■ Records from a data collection
◆ ◆ ◆ ◆ ◆ ◆ ◆

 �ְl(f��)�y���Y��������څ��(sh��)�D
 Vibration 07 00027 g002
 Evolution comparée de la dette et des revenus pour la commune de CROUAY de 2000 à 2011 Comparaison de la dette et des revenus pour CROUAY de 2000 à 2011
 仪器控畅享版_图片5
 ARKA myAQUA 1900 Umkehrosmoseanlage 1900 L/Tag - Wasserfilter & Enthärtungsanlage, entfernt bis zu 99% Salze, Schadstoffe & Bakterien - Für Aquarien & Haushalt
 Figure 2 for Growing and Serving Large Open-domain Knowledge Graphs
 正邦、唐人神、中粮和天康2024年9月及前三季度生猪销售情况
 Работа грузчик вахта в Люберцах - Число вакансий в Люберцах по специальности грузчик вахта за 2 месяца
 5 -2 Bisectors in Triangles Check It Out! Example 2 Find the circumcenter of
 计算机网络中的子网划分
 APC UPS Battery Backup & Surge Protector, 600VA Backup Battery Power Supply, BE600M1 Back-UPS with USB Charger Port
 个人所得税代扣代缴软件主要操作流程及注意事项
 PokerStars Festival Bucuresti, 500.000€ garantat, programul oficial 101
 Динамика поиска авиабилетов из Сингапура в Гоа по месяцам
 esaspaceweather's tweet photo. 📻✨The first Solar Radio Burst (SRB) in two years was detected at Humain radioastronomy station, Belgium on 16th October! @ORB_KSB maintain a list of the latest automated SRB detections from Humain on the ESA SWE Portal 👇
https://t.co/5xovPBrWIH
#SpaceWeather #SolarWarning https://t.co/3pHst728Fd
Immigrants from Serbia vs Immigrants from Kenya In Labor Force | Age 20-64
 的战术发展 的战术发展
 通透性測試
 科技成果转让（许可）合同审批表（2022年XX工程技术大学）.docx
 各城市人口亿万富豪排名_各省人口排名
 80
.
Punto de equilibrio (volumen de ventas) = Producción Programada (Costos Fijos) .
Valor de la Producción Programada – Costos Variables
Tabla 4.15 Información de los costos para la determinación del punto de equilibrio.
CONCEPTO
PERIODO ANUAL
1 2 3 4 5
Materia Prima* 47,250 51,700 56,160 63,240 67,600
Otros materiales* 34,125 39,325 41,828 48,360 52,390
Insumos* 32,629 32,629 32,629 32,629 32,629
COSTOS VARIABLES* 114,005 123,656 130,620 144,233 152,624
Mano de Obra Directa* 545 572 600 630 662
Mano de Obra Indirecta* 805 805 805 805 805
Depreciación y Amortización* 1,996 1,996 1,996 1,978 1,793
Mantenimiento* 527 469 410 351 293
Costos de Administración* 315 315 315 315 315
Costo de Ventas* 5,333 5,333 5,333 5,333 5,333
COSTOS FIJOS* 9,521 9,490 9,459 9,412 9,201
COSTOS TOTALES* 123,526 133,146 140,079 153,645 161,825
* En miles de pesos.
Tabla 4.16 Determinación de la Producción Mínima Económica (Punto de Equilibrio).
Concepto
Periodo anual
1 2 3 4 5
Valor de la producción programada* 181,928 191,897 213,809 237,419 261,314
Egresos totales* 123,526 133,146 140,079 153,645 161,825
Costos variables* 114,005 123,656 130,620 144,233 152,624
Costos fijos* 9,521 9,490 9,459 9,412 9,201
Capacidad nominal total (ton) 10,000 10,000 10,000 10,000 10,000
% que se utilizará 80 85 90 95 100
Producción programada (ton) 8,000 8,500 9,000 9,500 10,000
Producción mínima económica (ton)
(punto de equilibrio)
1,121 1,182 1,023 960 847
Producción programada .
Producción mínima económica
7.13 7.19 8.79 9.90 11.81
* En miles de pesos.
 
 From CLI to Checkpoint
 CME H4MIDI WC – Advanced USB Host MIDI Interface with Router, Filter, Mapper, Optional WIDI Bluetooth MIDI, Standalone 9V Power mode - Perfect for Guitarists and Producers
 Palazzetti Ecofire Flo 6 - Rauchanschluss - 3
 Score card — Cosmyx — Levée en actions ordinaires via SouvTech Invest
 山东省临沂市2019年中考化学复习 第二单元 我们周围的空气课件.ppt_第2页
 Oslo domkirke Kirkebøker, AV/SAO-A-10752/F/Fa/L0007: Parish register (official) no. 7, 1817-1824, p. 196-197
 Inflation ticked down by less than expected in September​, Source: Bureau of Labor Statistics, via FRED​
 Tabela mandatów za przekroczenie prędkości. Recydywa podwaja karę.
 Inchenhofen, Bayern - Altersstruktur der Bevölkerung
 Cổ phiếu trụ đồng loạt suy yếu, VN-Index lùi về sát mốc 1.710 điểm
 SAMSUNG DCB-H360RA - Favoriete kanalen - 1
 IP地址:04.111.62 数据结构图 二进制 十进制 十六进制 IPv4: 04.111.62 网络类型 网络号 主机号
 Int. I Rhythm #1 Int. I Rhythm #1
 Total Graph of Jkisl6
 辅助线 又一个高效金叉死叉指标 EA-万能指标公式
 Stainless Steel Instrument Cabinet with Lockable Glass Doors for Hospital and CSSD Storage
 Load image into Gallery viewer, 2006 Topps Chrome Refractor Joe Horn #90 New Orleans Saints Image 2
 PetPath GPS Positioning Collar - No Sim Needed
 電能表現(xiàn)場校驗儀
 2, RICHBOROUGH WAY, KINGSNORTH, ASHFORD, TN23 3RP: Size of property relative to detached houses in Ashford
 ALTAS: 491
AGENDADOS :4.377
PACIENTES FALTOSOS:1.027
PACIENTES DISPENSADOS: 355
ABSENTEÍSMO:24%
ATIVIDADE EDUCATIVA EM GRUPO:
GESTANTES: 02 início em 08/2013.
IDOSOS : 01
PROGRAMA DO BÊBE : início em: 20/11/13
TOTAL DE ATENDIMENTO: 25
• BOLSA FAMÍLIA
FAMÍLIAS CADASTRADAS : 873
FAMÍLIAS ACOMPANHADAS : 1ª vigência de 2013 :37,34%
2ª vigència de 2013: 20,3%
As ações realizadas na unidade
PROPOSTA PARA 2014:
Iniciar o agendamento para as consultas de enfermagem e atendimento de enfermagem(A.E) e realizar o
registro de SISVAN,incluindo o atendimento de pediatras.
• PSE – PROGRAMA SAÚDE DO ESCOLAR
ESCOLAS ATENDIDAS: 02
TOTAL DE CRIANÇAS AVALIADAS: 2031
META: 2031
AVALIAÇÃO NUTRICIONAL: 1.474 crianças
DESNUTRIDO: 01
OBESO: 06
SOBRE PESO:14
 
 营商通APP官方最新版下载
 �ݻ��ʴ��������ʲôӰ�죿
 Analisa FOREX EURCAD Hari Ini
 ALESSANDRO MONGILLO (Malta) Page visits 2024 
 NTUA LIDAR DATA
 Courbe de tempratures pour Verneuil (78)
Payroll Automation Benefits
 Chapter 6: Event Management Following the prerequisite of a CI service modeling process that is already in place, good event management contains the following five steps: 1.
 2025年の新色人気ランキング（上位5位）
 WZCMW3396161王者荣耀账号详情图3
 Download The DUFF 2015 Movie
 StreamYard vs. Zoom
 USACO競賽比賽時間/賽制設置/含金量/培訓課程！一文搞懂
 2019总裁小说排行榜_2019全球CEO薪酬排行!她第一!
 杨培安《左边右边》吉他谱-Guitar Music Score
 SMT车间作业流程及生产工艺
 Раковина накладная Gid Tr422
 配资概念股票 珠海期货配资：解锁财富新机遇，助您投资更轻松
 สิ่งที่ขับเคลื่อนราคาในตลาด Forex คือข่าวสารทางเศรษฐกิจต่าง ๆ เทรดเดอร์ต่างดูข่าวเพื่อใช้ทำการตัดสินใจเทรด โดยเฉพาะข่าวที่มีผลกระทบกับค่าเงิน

◆ ◆ ◆ ◆ ◆ ◆ ◆

■ Exercise aim
Your answer should be the records above, set down exactly.

■ Task output
 �ְl(f��)�y���Y��������څ��(sh��)�D
 Vibration 07 00027 g002
 Evolution comparée de la dette et des revenus pour la commune de CROUAY de 2000 à 2011 Comparaison de la dette et des revenus pour CROUAY de 2000 à 2011
 仪器控畅享版_图片5
 ARKA myAQUA 1900 Umkehrosmoseanlage 1900 L/Tag - Wasserfilter & Enthärtungsanlage, entfernt bis zu 99% Salze, Schadstoffe & Bakterien - Für Aquarien & Haushalt
 Figure 2 for Growing and Serving Large Open-domain Knowledge Graphs
 正邦、唐人神、中粮和天康2024年9月及前三季度生猪销售情况
 Работа грузчик вахта в Люберцах - Число вакансий в Люберцах по специальности грузчик вахта за 2 месяца
 5 -2 Bisectors in Triangles Check It Out! Example 2 Find the circumcenter of
 计算机网络中的子网划分
 APC UPS Battery Backup & Surge Protector, 600VA Backup Battery Power Supply, BE600M1 Back-UPS with USB Charger Port
 个人所得税代扣代缴软件主要操作流程及注意事项
 PokerStars Festival Bucuresti, 500.000€ garantat, programul oficial 101
 Динамика поиска авиабилетов из Сингапура в Гоа по месяцам
 esaspaceweather's tweet photo. 📻✨The first Solar Radio Burst (SRB) in two years was detected at Humain radioastronomy station, Belgium on 16th October! @ORB_KSB maintain a list of the latest automated SRB detections from Humain on the ESA SWE Portal 👇
https://t.co/5xovPBrWIH
#SpaceWeather #SolarWarning https://t.co/3pHst728Fd
Immigrants from Serbia vs Immigrants from Kenya In Labor Force | Age 20-64
 的战术发展 的战术发展
 通透性測試
 科技成果转让（许可）合同审批表（2022年XX工程技术大学）.docx
 各城市人口亿万富豪排名_各省人口排名
 80
.
Punto de equilibrio (volumen de ventas) = Producción Programada (Costos Fijos) .
Valor de la Producción Programada – Costos Variables
Tabla 4.15 Información de los costos para la determinación del punto de equilibrio.
CONCEPTO
PERIODO ANUAL
1 2 3 4 5
Materia Prima* 47,250 51,700 56,160 63,240 67,600
Otros materiales* 34,125 39,325 41,828 48,360 52,390
Insumos* 32,629 32,629 32,629 32,629 32,629
COSTOS VARIABLES* 114,005 123,656 130,620 144,233 152,624
Mano de Obra Directa* 545 572 600 630 662
Mano de Obra Indirecta* 805 805 805 805 805
Depreciación y Amortización* 1,996 1,996 1,996 1,978 1,793
Mantenimiento* 527 469 410 351 293
Costos de Administración* 315 315 315 315 315
Costo de Ventas* 5,333 5,333 5,333 5,333 5,333
COSTOS FIJOS* 9,521 9,490 9,459 9,412 9,201
COSTOS TOTALES* 123,526 133,146 140,079 153,645 161,825
* En miles de pesos.
Tabla 4.16 Determinación de la Producción Mínima Económica (Punto de Equilibrio).
Concepto
Periodo anual
1 2 3 4 5
Valor de la producción programada* 181,928 191,897 213,809 237,419 261,314
Egresos totales* 123,526 133,146 140,079 153,645 161,825
Costos variables* 114,005 123,656 130,620 144,233 152,624
Costos fijos* 9,521 9,490 9,459 9,412 9,201
Capacidad nominal total (ton) 10,000 10,000 10,000 10,000 10,000
% que se utilizará 80 85 90 95 100
Producción programada (ton) 8,000 8,500 9,000 9,500 10,000
Producción mínima económica (ton)
(punto de equilibrio)
1,121 1,182 1,023 960 847
Producción programada .
Producción mínima económica
7.13 7.19 8.79 9.90 11.81
* En miles de pesos.
 
 From CLI to Checkpoint
 CME H4MIDI WC – Advanced USB Host MIDI Interface with Router, Filter, Mapper, Optional WIDI Bluetooth MIDI, Standalone 9V Power mode - Perfect for Guitarists and Producers
 Palazzetti Ecofire Flo 6 - Rauchanschluss - 3
 Score card — Cosmyx — Levée en actions ordinaires via SouvTech Invest
 山东省临沂市2019年中考化学复习 第二单元 我们周围的空气课件.ppt_第2页
 Oslo domkirke Kirkebøker, AV/SAO-A-10752/F/Fa/L0007: Parish register (official) no. 7, 1817-1824, p. 196-197
 Inflation ticked down by less than expected in September​, Source: Bureau of Labor Statistics, via FRED​
 Tabela mandatów za przekroczenie prędkości. Recydywa podwaja karę.
 Inchenhofen, Bayern - Altersstruktur der Bevölkerung
 Cổ phiếu trụ đồng loạt suy yếu, VN-Index lùi về sát mốc 1.710 điểm
 SAMSUNG DCB-H360RA - Favoriete kanalen - 1
 IP地址:04.111.62 数据结构图 二进制 十进制 十六进制 IPv4: 04.111.62 网络类型 网络号 主机号
 Int. I Rhythm #1 Int. I Rhythm #1
 Total Graph of Jkisl6
 辅助线 又一个高效金叉死叉指标 EA-万能指标公式
 Stainless Steel Instrument Cabinet with Lockable Glass Doors for Hospital and CSSD Storage
 Load image into Gallery viewer, 2006 Topps Chrome Refractor Joe Horn #90 New Orleans Saints Image 2
 PetPath GPS Positioning Collar - No Sim Needed
 電能表現(xiàn)場校驗儀
 2, RICHBOROUGH WAY, KINGSNORTH, ASHFORD, TN23 3RP: Size of property relative to detached houses in Ashford
 ALTAS: 491
AGENDADOS :4.377
PACIENTES FALTOSOS:1.027
PACIENTES DISPENSADOS: 355
ABSENTEÍSMO:24%
ATIVIDADE EDUCATIVA EM GRUPO:
GESTANTES: 02 início em 08/2013.
IDOSOS : 01
PROGRAMA DO BÊBE : início em: 20/11/13
TOTAL DE ATENDIMENTO: 25
• BOLSA FAMÍLIA
FAMÍLIAS CADASTRADAS : 873
FAMÍLIAS ACOMPANHADAS : 1ª vigência de 2013 :37,34%
2ª vigència de 2013: 20,3%
As ações realizadas na unidade
PROPOSTA PARA 2014:
Iniciar o agendamento para as consultas de enfermagem e atendimento de enfermagem(A.E) e realizar o
registro de SISVAN,incluindo o atendimento de pediatras.
• PSE – PROGRAMA SAÚDE DO ESCOLAR
ESCOLAS ATENDIDAS: 02
TOTAL DE CRIANÇAS AVALIADAS: 2031
META: 2031
AVALIAÇÃO NUTRICIONAL: 1.474 crianças
DESNUTRIDO: 01
OBESO: 06
SOBRE PESO:14
 
 营商通APP官方最新版下载
 �ݻ��ʴ��������ʲôӰ�죿
 Analisa FOREX EURCAD Hari Ini
 ALESSANDRO MONGILLO (Malta) Page visits 2024 
 NTUA LIDAR DATA
 Courbe de tempratures pour Verneuil (78)
Payroll Automation Benefits
 Chapter 6: Event Management Following the prerequisite of a CI service modeling process that is already in place, good event management contains the following five steps: 1.
 2025年の新色人気ランキング（上位5位）
 WZCMW3396161王者荣耀账号详情图3
 Download The DUFF 2015 Movie
 StreamYard vs. Zoom
 USACO競賽比賽時間/賽制設置/含金量/培訓課程！一文搞懂
 2019总裁小说排行榜_2019全球CEO薪酬排行!她第一!
 杨培安《左边右边》吉他谱-Guitar Music Score
 SMT车间作业流程及生产工艺
 Раковина накладная Gid Tr422
 配资概念股票 珠海期货配资：解锁财富新机遇，助您投资更轻松
 สิ่งที่ขับเคลื่อนราคาในตลาด Forex คือข่าวสารทางเศรษฐกิจต่าง ๆ เทรดเดอร์ต่างดูข่าวเพื่อใช้ทำการตัดสินใจเทรด โดยเฉพาะข่าวที่มีผลกระทบกับค่าเงิน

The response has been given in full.